More than half of Allen & Overy’s (A&O) revenue now comes from overseas, as the firm continues its international drive with the launch of an office in Indonesia.
The magic circle firm’s income from outside the UK accounted for 60 per cent of the £1.05bn total in 2009-10, as opposed to 50 per cent of the £1.09bn it made during the previous year.
According to global managing partner Wim Dejonghe, this is evidence that the firm’s global strategy is working. “[We’re definitely seeing] more growth in emerging markets, but we won’t stop investing in mature markets,” he added.
The firm announced last Thursday (TheLawyer.com, 1 July 2010) that it has formed an association with one-partner firm Daniel Ginting Law Firm in the Indonesian capital Jakarta to focus on project finance, capital markets and Islamic finance.
The jurisdiction has previously been serviced by Singapore and the Netherlands.

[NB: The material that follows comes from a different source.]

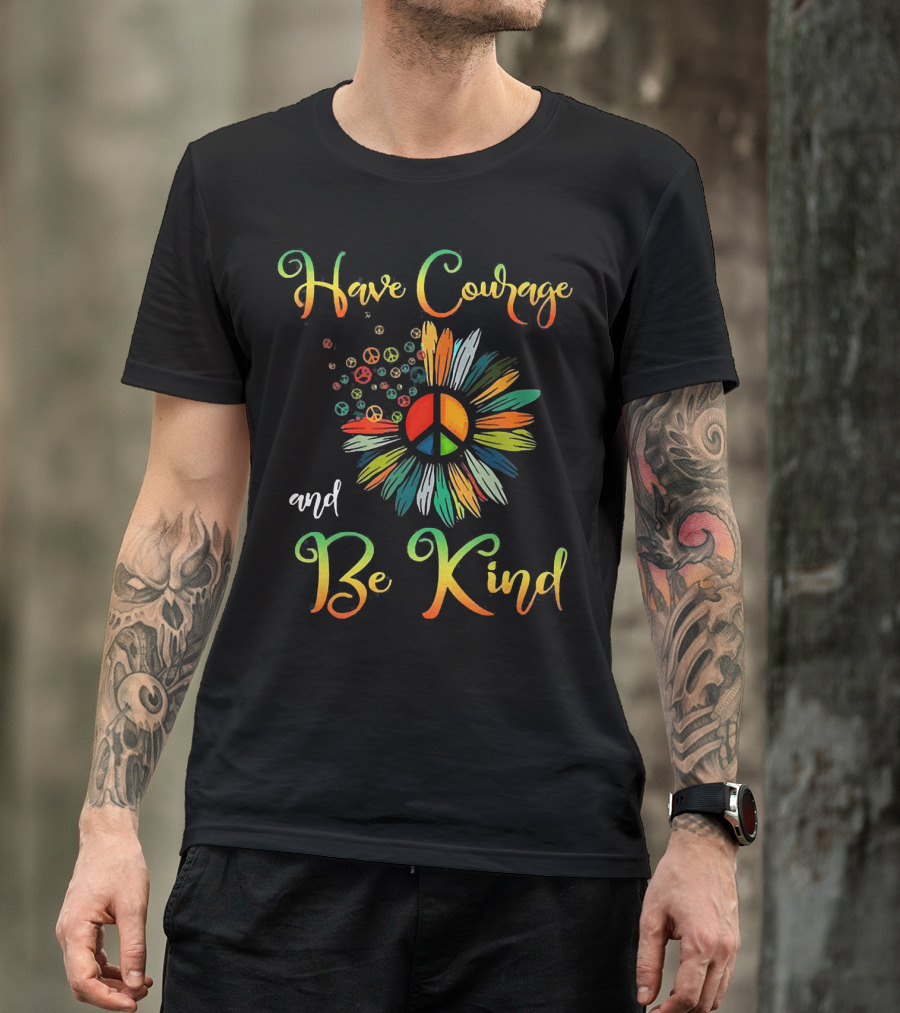 Have Courage And Be Kind Daisy Peace Symbol Explosion T-Shirt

The operation begins with an eight-member team, although Dejonghe said there were plans to grow beyond that number.
Dejonghe described Indonesia as “part of the [Asia-Pacific] puzzle”. This comes after the firm launched in Qatar in February, with an office led by real estate partner Robert Porter, and in Australia during the same month through the hire of 17 partners, 14 of whom joined from Clayton Utz. The latter office is intended to target investment flows to and from East Asia.

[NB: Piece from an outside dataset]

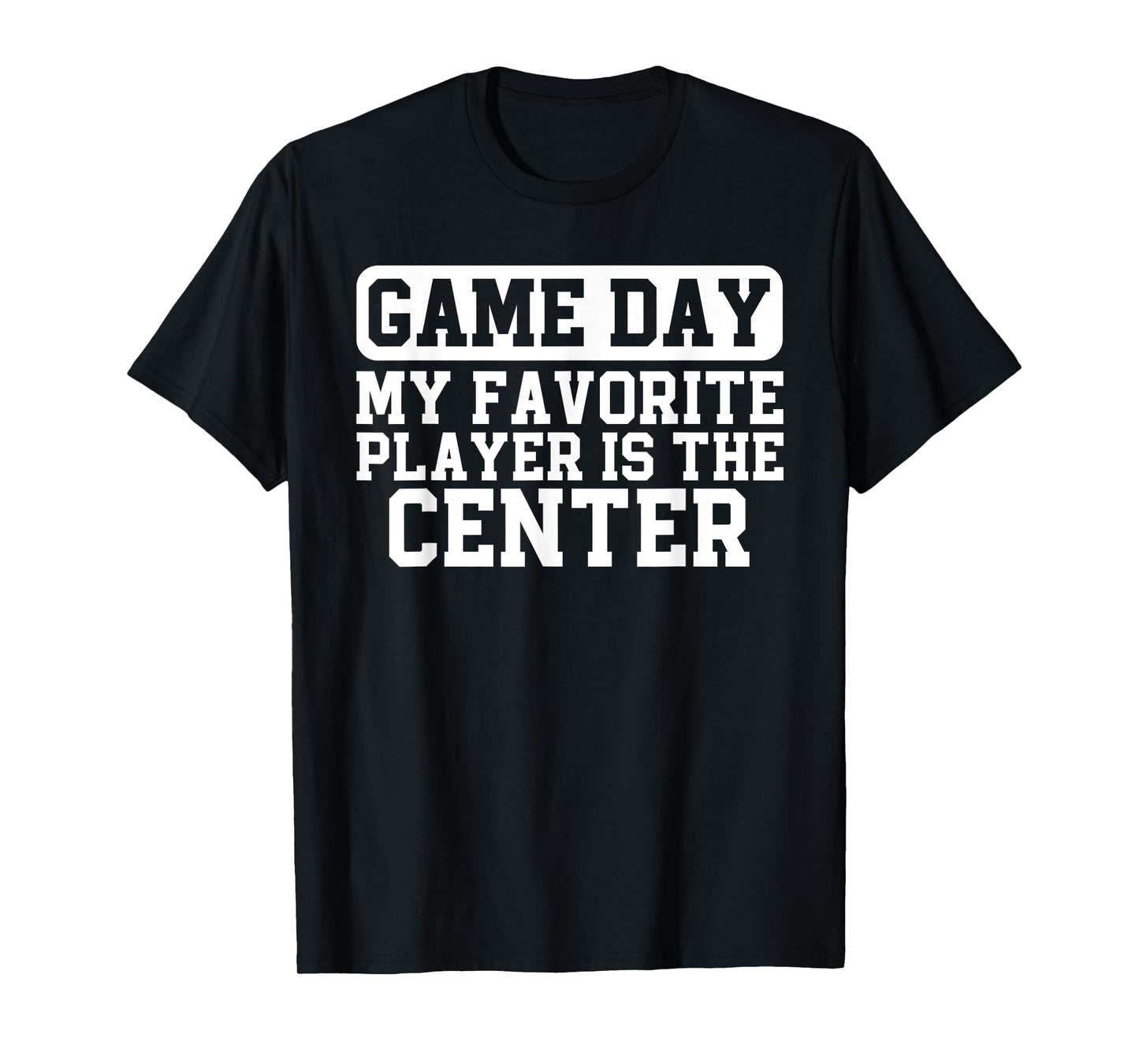 American Football Parent My Favorite Player Is The Center T-Shirt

While A&O was alone among the magic circle in not targeting massive European expansion at the beginning of the last decade, it is the only one of its peer group currently focusing on the Asia-Pacific region in such a big way. According to a report earlier this year in The Lawyer (15 February 2010), the firm had 64 partners in the region, compared with 56 for Clifford Chance, 47 for Linklaters and 33 for Freshfields Bruckhaus Deringer.

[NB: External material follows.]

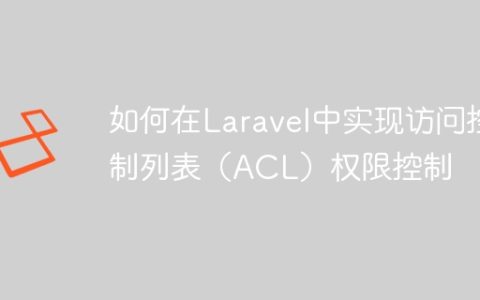 如何在Laravel中实现访问控制列表（ACL）权限控制
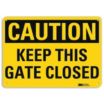 Caution: Keep This Gate Closed Signs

When A&O launched in Australia, Freshfields senior partner Konstantin Mettenheimer told The Lawyer that he was dissuaded from opening there because the domestic market is small and already well-serviced, and that it was “difficult to position Australia as a gateway to Asia due to the distance and differing time zones.” (The Lawyer, 15 February 2010.)
However, since then A&O has added one further partner to its Australian practice - Mallesons Stephen Jaques’ partner and competition specialist Dave Poddar. It has also been in hiring mode elsewhere in the business, bringing on board three German laterals – Daniel Busse and Christian Eichner from Lovells, and Kai Schaffelhuber from Dewey & LeBoeuf.
Despite these moves, an extensive restructuring programme undertaken during the 2008-09 financial year means that overall the firm has 39 fewer partners globally now than a year ago and 17 fewer equity partners.
Dejonghe said the decisions taken meant the business was more profitable than in 2009. “Eighteen months ago we looked carefully into all the markets in which we operated and had to make careful choices about where we would put investment and resources. In the top end of the market our position is probably strengthened.”
The firm reported profit before taxation of £428.8m in 2009-10, reflecting a margin of 41 per cent on its turnover of £1.05bn. During the previous year profit of £430.9m gave a margin of 39 per cent.
As a result the firm’s equity partners will take home on average 10 per cent more for 2009-10 than they did for 2008-09.